■ INSTRUCTIONS TO FOLLOW
The records that follow must be reproduced in full, exactly as written.
##########
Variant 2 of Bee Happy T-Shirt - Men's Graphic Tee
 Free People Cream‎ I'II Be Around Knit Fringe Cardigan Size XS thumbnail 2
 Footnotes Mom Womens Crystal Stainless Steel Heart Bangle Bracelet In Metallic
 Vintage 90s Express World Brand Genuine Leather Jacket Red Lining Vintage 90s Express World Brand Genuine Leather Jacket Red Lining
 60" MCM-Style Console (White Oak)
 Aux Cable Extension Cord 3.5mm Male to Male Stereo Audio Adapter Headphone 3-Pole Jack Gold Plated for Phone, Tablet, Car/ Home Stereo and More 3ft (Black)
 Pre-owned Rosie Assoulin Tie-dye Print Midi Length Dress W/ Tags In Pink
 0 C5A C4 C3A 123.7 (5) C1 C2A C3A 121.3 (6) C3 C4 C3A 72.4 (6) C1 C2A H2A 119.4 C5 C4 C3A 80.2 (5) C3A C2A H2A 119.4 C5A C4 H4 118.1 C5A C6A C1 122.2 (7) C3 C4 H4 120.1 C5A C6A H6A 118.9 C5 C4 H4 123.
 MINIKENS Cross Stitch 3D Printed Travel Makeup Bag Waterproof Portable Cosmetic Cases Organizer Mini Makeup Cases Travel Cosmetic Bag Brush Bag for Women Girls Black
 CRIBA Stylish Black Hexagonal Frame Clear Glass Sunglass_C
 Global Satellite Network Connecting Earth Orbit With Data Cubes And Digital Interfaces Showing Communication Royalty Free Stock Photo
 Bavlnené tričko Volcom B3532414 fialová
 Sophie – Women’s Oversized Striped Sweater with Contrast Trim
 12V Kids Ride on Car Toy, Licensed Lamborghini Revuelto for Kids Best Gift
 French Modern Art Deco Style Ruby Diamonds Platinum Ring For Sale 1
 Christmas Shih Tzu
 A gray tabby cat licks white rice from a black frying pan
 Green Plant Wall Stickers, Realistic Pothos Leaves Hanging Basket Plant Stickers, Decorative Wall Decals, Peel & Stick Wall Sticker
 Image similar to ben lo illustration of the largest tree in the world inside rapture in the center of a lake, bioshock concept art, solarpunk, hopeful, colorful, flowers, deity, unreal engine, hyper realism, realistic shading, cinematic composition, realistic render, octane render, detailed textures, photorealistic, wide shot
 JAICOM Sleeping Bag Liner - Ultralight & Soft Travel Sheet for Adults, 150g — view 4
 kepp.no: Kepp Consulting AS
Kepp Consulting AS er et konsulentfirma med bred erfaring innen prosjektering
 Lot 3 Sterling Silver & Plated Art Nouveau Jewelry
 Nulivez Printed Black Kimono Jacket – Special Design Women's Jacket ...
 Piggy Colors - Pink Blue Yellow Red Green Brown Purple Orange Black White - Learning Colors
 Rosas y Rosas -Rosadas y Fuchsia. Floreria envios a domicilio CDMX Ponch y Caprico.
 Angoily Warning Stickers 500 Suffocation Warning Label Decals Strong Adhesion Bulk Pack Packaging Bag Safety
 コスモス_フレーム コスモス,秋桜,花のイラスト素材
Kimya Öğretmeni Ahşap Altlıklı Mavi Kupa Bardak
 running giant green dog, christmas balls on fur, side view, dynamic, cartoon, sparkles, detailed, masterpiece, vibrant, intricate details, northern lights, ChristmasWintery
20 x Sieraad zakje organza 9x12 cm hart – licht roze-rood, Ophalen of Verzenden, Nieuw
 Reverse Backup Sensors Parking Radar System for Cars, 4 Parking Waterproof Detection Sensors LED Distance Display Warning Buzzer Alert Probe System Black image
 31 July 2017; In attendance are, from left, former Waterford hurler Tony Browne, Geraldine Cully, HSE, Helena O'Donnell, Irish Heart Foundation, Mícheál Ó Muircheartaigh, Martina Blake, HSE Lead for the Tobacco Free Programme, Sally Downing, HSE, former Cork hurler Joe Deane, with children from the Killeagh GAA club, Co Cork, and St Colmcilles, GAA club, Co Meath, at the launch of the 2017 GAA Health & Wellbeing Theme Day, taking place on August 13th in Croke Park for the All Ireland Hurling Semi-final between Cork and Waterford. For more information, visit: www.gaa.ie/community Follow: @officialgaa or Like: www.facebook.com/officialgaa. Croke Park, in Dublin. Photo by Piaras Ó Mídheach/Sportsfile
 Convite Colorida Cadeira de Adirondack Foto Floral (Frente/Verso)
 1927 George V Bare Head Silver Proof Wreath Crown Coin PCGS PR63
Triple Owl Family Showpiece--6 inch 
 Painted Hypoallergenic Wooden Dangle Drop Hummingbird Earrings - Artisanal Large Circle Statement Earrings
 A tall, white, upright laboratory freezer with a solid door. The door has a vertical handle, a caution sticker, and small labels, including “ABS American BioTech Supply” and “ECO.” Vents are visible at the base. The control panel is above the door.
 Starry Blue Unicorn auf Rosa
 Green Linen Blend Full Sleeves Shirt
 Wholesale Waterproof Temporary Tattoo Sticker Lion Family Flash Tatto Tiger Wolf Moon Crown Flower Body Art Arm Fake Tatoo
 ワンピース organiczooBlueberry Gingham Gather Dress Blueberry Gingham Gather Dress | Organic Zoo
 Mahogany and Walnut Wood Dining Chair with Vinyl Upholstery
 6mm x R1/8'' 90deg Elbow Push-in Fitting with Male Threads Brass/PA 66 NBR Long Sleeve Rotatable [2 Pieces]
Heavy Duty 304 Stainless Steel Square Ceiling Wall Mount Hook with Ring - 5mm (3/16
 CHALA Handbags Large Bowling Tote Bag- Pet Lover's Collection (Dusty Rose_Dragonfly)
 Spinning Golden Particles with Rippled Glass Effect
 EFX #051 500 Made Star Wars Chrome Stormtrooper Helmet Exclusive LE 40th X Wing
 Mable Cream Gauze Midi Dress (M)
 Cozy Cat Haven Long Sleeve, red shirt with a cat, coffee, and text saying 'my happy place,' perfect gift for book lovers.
##########
■ RESPONSE TO THIS EXERCISE
Variant 2 of Bee Happy T-Shirt - Men's Graphic Tee
 Free People Cream‎ I'II Be Around Knit Fringe Cardigan Size XS thumbnail 2
 Footnotes Mom Womens Crystal Stainless Steel Heart Bangle Bracelet In Metallic
 Vintage 90s Express World Brand Genuine Leather Jacket Red Lining Vintage 90s Express World Brand Genuine Leather Jacket Red Lining
 60" MCM-Style Console (White Oak)
 Aux Cable Extension Cord 3.5mm Male to Male Stereo Audio Adapter Headphone 3-Pole Jack Gold Plated for Phone, Tablet, Car/ Home Stereo and More 3ft (Black)
 Pre-owned Rosie Assoulin Tie-dye Print Midi Length Dress W/ Tags In Pink
 0 C5A C4 C3A 123.7 (5) C1 C2A C3A 121.3 (6) C3 C4 C3A 72.4 (6) C1 C2A H2A 119.4 C5 C4 C3A 80.2 (5) C3A C2A H2A 119.4 C5A C4 H4 118.1 C5A C6A C1 122.2 (7) C3 C4 H4 120.1 C5A C6A H6A 118.9 C5 C4 H4 123.
 MINIKENS Cross Stitch 3D Printed Travel Makeup Bag Waterproof Portable Cosmetic Cases Organizer Mini Makeup Cases Travel Cosmetic Bag Brush Bag for Women Girls Black
 CRIBA Stylish Black Hexagonal Frame Clear Glass Sunglass_C
 Global Satellite Network Connecting Earth Orbit With Data Cubes And Digital Interfaces Showing Communication Royalty Free Stock Photo
 Bavlnené tričko Volcom B3532414 fialová
 Sophie – Women’s Oversized Striped Sweater with Contrast Trim
 12V Kids Ride on Car Toy, Licensed Lamborghini Revuelto for Kids Best Gift
 French Modern Art Deco Style Ruby Diamonds Platinum Ring For Sale 1
 Christmas Shih Tzu
 A gray tabby cat licks white rice from a black frying pan
 Green Plant Wall Stickers, Realistic Pothos Leaves Hanging Basket Plant Stickers, Decorative Wall Decals, Peel & Stick Wall Sticker
 Image similar to ben lo illustration of the largest tree in the world inside rapture in the center of a lake, bioshock concept art, solarpunk, hopeful, colorful, flowers, deity, unreal engine, hyper realism, realistic shading, cinematic composition, realistic render, octane render, detailed textures, photorealistic, wide shot
 JAICOM Sleeping Bag Liner - Ultralight & Soft Travel Sheet for Adults, 150g — view 4
 kepp.no: Kepp Consulting AS
Kepp Consulting AS er et konsulentfirma med bred erfaring innen prosjektering
 Lot 3 Sterling Silver & Plated Art Nouveau Jewelry
 Nulivez Printed Black Kimono Jacket – Special Design Women's Jacket ...
 Piggy Colors - Pink Blue Yellow Red Green Brown Purple Orange Black White - Learning Colors
 Rosas y Rosas -Rosadas y Fuchsia. Floreria envios a domicilio CDMX Ponch y Caprico.
 Angoily Warning Stickers 500 Suffocation Warning Label Decals Strong Adhesion Bulk Pack Packaging Bag Safety
 コスモス_フレーム コスモス,秋桜,花のイラスト素材
Kimya Öğretmeni Ahşap Altlıklı Mavi Kupa Bardak
 running giant green dog, christmas balls on fur, side view, dynamic, cartoon, sparkles, detailed, masterpiece, vibrant, intricate details, northern lights, ChristmasWintery
20 x Sieraad zakje organza 9x12 cm hart – licht roze-rood, Ophalen of Verzenden, Nieuw
 Reverse Backup Sensors Parking Radar System for Cars, 4 Parking Waterproof Detection Sensors LED Distance Display Warning Buzzer Alert Probe System Black image
 31 July 2017; In attendance are, from left, former Waterford hurler Tony Browne, Geraldine Cully, HSE, Helena O'Donnell, Irish Heart Foundation, Mícheál Ó Muircheartaigh, Martina Blake, HSE Lead for the Tobacco Free Programme, Sally Downing, HSE, former Cork hurler Joe Deane, with children from the Killeagh GAA club, Co Cork, and St Colmcilles, GAA club, Co Meath, at the launch of the 2017 GAA Health & Wellbeing Theme Day, taking place on August 13th in Croke Park for the All Ireland Hurling Semi-final between Cork and Waterford. For more information, visit: www.gaa.ie/community Follow: @officialgaa or Like: www.facebook.com/officialgaa. Croke Park, in Dublin. Photo by Piaras Ó Mídheach/Sportsfile
 Convite Colorida Cadeira de Adirondack Foto Floral (Frente/Verso)
 1927 George V Bare Head Silver Proof Wreath Crown Coin PCGS PR63
Triple Owl Family Showpiece--6 inch 
 Painted Hypoallergenic Wooden Dangle Drop Hummingbird Earrings - Artisanal Large Circle Statement Earrings
 A tall, white, upright laboratory freezer with a solid door. The door has a vertical handle, a caution sticker, and small labels, including “ABS American BioTech Supply” and “ECO.” Vents are visible at the base. The control panel is above the door.
 Starry Blue Unicorn auf Rosa
 Green Linen Blend Full Sleeves Shirt
 Wholesale Waterproof Temporary Tattoo Sticker Lion Family Flash Tatto Tiger Wolf Moon Crown Flower Body Art Arm Fake Tatoo
 ワンピース organiczooBlueberry Gingham Gather Dress Blueberry Gingham Gather Dress | Organic Zoo
 Mahogany and Walnut Wood Dining Chair with Vinyl Upholstery
 6mm x R1/8'' 90deg Elbow Push-in Fitting with Male Threads Brass/PA 66 NBR Long Sleeve Rotatable [2 Pieces]
Heavy Duty 304 Stainless Steel Square Ceiling Wall Mount Hook with Ring - 5mm (3/16
 CHALA Handbags Large Bowling Tote Bag- Pet Lover's Collection (Dusty Rose_Dragonfly)
 Spinning Golden Particles with Rippled Glass Effect
 EFX #051 500 Made Star Wars Chrome Stormtrooper Helmet Exclusive LE 40th X Wing
 Mable Cream Gauze Midi Dress (M)
 Cozy Cat Haven Long Sleeve, red shirt with a cat, coffee, and text saying 'my happy place,' perfect gift for book lovers.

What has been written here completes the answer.